WHAT NEEDS TO BE DONE: Without the pictures, set down everything in the listing exactly.

GIVEN INFORMATION:
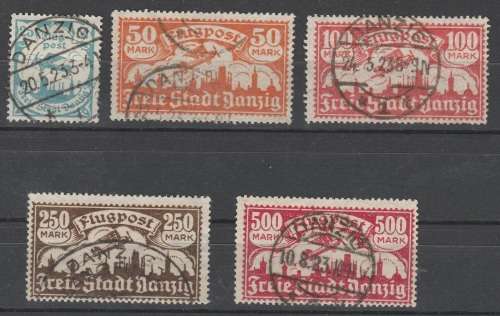 Danzig 1923 AIR Michel 133-137 Postally used in correct period R1760
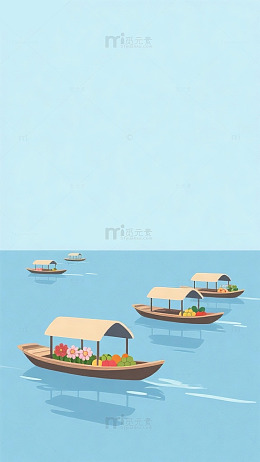 简约水面船只插画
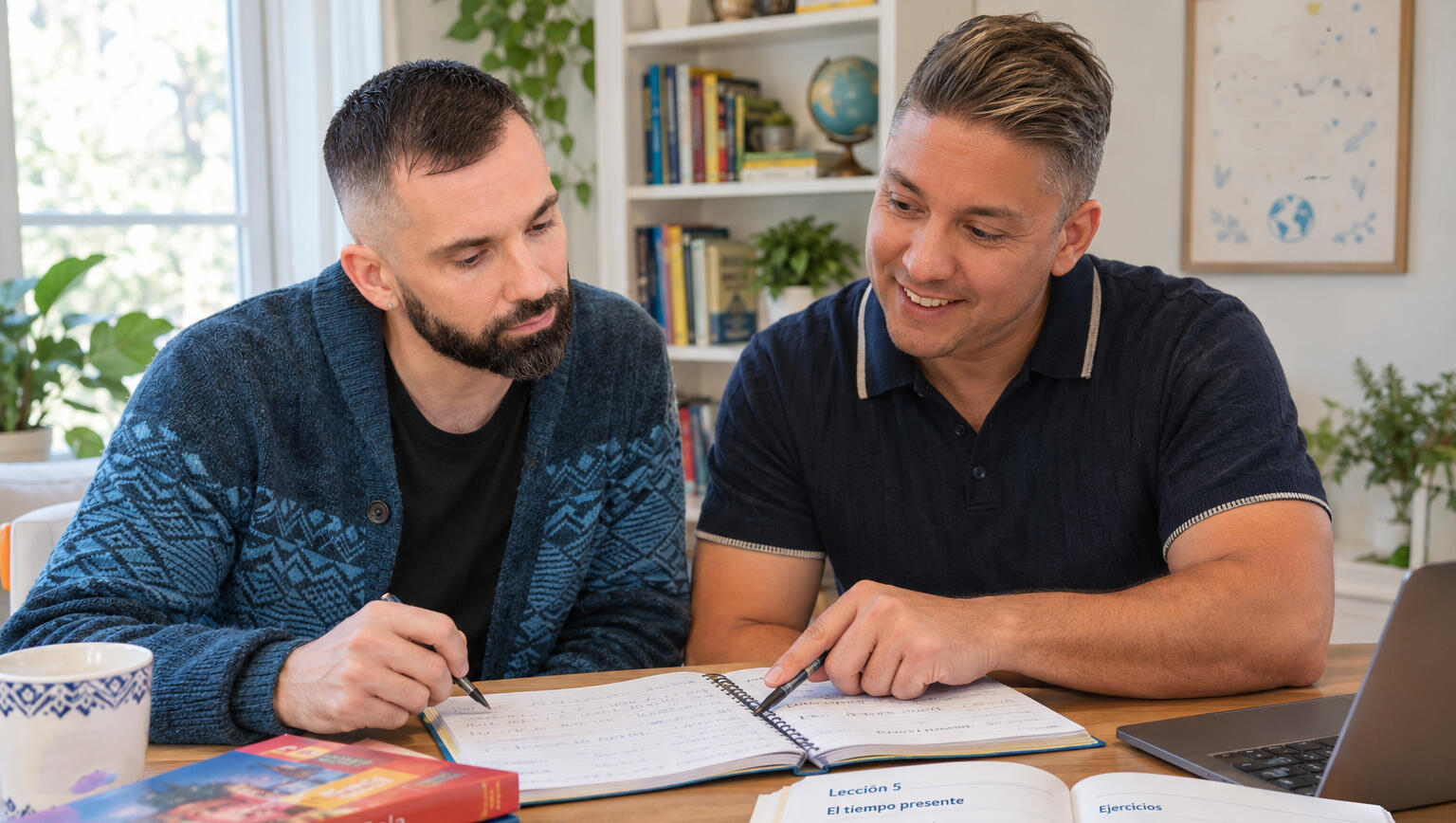 Spanish tutor Rodney Moya teaching an adult student in person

ANSWER BOX:
 Danzig 1923 AIR Michel 133-137 Postally used in correct period R1760
 简约水面船只插画
 Spanish tutor Rodney Moya teaching an adult student in person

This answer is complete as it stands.